Turn the water to the tank back on and let it fill. Once filled, flush the toilet and rinse away the bleach and grime from inside the tank. Flush and refill the tank as many times as necessary to remove the bleach from the tank.

Repeat the bleach treatment as necessary, but keep in mind that bleach can deteriorate the seals in the toilet, so don’t leave it on the surface for very long. It is important to note that bleach should only be used in well ventilated areas, and it should never be mixed with other chemicals or cleaning solutions. Make sure to get the bleach completely rinsed out of the tank each time.

Once the buildup is removed, you should see some noticeable improvement in the amount of water pressure flowing through your toilet when you flush.

Clear Flush Holes

Another trick is to clear the flush holes, or siphon jets, in the toilet bowl. These are usually located underneath the inside of the rim of the toilet bowl. These small holes push water from the tank down the sides of the toilet bowl to make sure all waste water flushes down the drain. Over time, the siphon jets will inevitably become blocked with mineral deposits. Clearing up the mineral deposits can provide more water pressure.

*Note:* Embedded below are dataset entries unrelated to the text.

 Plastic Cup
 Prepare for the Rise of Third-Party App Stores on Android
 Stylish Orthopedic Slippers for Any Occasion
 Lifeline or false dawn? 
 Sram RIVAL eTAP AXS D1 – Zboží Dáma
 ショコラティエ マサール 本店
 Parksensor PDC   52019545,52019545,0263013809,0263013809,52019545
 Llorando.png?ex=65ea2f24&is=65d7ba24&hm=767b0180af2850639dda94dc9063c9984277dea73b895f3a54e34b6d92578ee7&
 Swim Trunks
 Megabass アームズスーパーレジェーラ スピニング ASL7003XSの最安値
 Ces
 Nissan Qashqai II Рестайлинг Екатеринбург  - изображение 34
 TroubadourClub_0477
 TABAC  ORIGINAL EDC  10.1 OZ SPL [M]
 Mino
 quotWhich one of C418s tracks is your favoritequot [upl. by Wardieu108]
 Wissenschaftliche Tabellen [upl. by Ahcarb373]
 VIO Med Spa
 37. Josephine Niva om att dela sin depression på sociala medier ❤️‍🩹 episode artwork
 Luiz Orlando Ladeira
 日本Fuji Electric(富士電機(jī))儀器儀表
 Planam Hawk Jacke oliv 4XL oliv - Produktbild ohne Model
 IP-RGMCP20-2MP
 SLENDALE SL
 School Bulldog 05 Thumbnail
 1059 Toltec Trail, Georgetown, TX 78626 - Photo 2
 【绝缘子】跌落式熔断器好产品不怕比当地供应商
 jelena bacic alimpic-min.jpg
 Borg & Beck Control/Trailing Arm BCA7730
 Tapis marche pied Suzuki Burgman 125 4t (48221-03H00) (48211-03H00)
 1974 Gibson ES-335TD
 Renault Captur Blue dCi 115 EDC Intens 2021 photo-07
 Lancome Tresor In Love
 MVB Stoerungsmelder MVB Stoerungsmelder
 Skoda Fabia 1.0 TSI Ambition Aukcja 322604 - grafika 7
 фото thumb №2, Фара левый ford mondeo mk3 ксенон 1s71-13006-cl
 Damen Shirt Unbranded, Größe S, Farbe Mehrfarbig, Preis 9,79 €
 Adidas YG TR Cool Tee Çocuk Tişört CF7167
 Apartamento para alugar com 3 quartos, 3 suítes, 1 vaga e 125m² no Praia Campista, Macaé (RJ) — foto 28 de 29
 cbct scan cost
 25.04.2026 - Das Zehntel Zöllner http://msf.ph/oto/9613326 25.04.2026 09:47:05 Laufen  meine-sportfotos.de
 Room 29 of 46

To do this, you’ll need to empty the tank and the toilet bowl. Turn off the water supply to the toilet before flushing the toilet, then watch to be sure the tank empties out. Once the tank is empty, either let the toilet bowl dry, or take a rag to the inner rim of the bowl around the flush holes. Next, take a sturdy, waterproof, duct tape and apply it over the holes. The idea is to block the holes entirely, so they don’t leak.

Once they are taped off, pour a gallon or more of white vinegar into the toilet tank. Flush the toilet and check that the tape held securely over the siphon jets. The tape should trap the white vinegar in the jets, allowing it to dissolve the mineral buildup in the holes. Let the vinegar sit for at least a half an hour, but it can stay in the toilet overnight if necessary, as long as the water supply can be left off and the toilet unused.

After the vinegar has had a chance to work, remove the tape and turn the water supply back on. Flush the toilet a few times to clear out the vinegar. The siphon jets should be cleared and the water pressure improved. You can also take a bristled bottle brush to the flush holes to gently scrub away any stubborn mineral deposits that remain. This is a quick maintenance cleaning trick that can be done once a year or so, just to keep the buildup at a minimum and your toilet in tiptop shape.

Toilet Age

How old is your toilet? If it’s reached that 25 year mark, it may be time to look into something newer. With old toilets, the wear and tear adds up, and multiple parts can go bad over time. In the long run, if your toilet is older, it may be better to start fresh. Take the time to shop around, compare prices and features to find the best fit for your home. With a little research, you may find it more cost effective to replace your toilet than to pay for the repairs if these solutions don’t bring results.

Flushing power is important for your toilet’s smooth and reliable operation. Just because plumbing problems are bound to happen now and then doesn’t mean that you can’t take care of them yourself. If you find that your toilet is losing water pressure, these DIY tips can help you restore, and even increase, a toilet’s flush power.